__Data for this exercise__.
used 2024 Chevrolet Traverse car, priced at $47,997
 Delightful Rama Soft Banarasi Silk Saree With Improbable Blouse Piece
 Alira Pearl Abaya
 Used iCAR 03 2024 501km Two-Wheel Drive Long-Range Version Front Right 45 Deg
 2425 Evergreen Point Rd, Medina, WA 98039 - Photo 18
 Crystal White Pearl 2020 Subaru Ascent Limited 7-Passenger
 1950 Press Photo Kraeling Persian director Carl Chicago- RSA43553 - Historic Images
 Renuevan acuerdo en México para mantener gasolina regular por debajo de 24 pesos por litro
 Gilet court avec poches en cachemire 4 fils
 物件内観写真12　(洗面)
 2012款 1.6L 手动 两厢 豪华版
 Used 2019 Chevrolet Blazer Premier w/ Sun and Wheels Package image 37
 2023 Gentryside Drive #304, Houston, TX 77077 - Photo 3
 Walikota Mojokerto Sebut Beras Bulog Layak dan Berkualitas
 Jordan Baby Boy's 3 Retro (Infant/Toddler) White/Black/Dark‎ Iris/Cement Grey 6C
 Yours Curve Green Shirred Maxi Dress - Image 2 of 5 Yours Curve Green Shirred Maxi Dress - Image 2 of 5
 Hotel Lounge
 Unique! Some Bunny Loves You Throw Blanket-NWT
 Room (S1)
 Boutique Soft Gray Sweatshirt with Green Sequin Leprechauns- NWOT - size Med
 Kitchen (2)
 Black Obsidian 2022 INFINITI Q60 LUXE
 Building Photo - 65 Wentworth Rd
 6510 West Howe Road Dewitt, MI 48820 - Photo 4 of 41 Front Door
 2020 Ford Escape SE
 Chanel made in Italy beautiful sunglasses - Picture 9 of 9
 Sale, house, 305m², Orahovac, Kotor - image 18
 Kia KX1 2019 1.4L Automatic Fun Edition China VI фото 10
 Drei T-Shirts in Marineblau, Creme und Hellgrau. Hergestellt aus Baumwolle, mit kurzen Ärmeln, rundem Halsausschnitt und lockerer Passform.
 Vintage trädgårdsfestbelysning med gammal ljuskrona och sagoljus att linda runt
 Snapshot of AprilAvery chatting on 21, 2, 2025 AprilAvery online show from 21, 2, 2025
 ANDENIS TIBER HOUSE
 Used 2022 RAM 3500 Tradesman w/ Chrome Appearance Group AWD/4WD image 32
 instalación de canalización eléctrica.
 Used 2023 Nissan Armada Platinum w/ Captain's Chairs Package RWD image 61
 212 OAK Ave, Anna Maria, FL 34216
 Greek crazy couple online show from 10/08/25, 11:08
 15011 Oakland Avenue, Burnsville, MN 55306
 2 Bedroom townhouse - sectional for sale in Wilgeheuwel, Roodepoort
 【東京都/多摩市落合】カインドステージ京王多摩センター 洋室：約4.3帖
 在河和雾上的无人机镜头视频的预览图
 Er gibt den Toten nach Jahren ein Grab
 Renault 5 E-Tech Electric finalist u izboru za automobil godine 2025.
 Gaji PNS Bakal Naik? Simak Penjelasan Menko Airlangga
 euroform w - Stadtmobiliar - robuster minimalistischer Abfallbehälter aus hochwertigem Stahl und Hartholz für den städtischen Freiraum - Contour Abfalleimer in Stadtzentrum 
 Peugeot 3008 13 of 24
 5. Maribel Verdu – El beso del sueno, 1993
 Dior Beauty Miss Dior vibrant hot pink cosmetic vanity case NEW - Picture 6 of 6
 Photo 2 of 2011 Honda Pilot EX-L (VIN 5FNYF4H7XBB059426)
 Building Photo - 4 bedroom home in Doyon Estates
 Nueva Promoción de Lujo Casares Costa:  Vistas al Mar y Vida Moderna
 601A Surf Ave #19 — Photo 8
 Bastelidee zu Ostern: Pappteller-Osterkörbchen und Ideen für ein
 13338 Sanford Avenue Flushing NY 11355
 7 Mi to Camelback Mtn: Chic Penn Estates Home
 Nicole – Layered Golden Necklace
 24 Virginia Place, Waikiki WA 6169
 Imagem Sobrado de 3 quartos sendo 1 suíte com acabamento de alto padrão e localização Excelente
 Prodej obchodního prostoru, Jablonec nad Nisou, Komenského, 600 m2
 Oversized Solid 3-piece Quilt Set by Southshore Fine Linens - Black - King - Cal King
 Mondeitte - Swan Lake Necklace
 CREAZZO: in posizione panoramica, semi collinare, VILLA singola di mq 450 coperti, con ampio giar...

__What you should do__.
Please be sure to repeat every entry exactly.

__Response to the task__.
used 2024 Chevrolet Traverse car, priced at $47,997
 Delightful Rama Soft Banarasi Silk Saree With Improbable Blouse Piece
 Alira Pearl Abaya
 Used iCAR 03 2024 501km Two-Wheel Drive Long-Range Version Front Right 45 Deg
 2425 Evergreen Point Rd, Medina, WA 98039 - Photo 18
 Crystal White Pearl 2020 Subaru Ascent Limited 7-Passenger
 1950 Press Photo Kraeling Persian director Carl Chicago- RSA43553 - Historic Images
 Renuevan acuerdo en México para mantener gasolina regular por debajo de 24 pesos por litro
 Gilet court avec poches en cachemire 4 fils
 物件内観写真12　(洗面)
 2012款 1.6L 手动 两厢 豪华版
 Used 2019 Chevrolet Blazer Premier w/ Sun and Wheels Package image 37
 2023 Gentryside Drive #304, Houston, TX 77077 - Photo 3
 Walikota Mojokerto Sebut Beras Bulog Layak dan Berkualitas
 Jordan Baby Boy's 3 Retro (Infant/Toddler) White/Black/Dark‎ Iris/Cement Grey 6C
 Yours Curve Green Shirred Maxi Dress - Image 2 of 5 Yours Curve Green Shirred Maxi Dress - Image 2 of 5
 Hotel Lounge
 Unique! Some Bunny Loves You Throw Blanket-NWT
 Room (S1)
 Boutique Soft Gray Sweatshirt with Green Sequin Leprechauns- NWOT - size Med
 Kitchen (2)
 Black Obsidian 2022 INFINITI Q60 LUXE
 Building Photo - 65 Wentworth Rd
 6510 West Howe Road Dewitt, MI 48820 - Photo 4 of 41 Front Door
 2020 Ford Escape SE
 Chanel made in Italy beautiful sunglasses - Picture 9 of 9
 Sale, house, 305m², Orahovac, Kotor - image 18
 Kia KX1 2019 1.4L Automatic Fun Edition China VI фото 10
 Drei T-Shirts in Marineblau, Creme und Hellgrau. Hergestellt aus Baumwolle, mit kurzen Ärmeln, rundem Halsausschnitt und lockerer Passform.
 Vintage trädgårdsfestbelysning med gammal ljuskrona och sagoljus att linda runt
 Snapshot of AprilAvery chatting on 21, 2, 2025 AprilAvery online show from 21, 2, 2025
 ANDENIS TIBER HOUSE
 Used 2022 RAM 3500 Tradesman w/ Chrome Appearance Group AWD/4WD image 32
 instalación de canalización eléctrica.
 Used 2023 Nissan Armada Platinum w/ Captain's Chairs Package RWD image 61
 212 OAK Ave, Anna Maria, FL 34216
 Greek crazy couple online show from 10/08/25, 11:08
 15011 Oakland Avenue, Burnsville, MN 55306
 2 Bedroom townhouse - sectional for sale in Wilgeheuwel, Roodepoort
 【東京都/多摩市落合】カインドステージ京王多摩センター 洋室：約4.3帖
 在河和雾上的无人机镜头视频的预览图
 Er gibt den Toten nach Jahren ein Grab
 Renault 5 E-Tech Electric finalist u izboru za automobil godine 2025.
 Gaji PNS Bakal Naik? Simak Penjelasan Menko Airlangga
 euroform w - Stadtmobiliar - robuster minimalistischer Abfallbehälter aus hochwertigem Stahl und Hartholz für den städtischen Freiraum - Contour Abfalleimer in Stadtzentrum 
 Peugeot 3008 13 of 24
 5. Maribel Verdu – El beso del sueno, 1993
 Dior Beauty Miss Dior vibrant hot pink cosmetic vanity case NEW - Picture 6 of 6
 Photo 2 of 2011 Honda Pilot EX-L (VIN 5FNYF4H7XBB059426)
 Building Photo - 4 bedroom home in Doyon Estates
 Nueva Promoción de Lujo Casares Costa:  Vistas al Mar y Vida Moderna
 601A Surf Ave #19 — Photo 8
 Bastelidee zu Ostern: Pappteller-Osterkörbchen und Ideen für ein
 13338 Sanford Avenue Flushing NY 11355
 7 Mi to Camelback Mtn: Chic Penn Estates Home
 Nicole – Layered Golden Necklace
 24 Virginia Place, Waikiki WA 6169
 Imagem Sobrado de 3 quartos sendo 1 suíte com acabamento de alto padrão e localização Excelente
 Prodej obchodního prostoru, Jablonec nad Nisou, Komenského, 600 m2
 Oversized Solid 3-piece Quilt Set by Southshore Fine Linens - Black - King - Cal King
 Mondeitte - Swan Lake Necklace
 CREAZZO: in posizione panoramica, semi collinare, VILLA singola di mq 450 coperti, con ampio giar...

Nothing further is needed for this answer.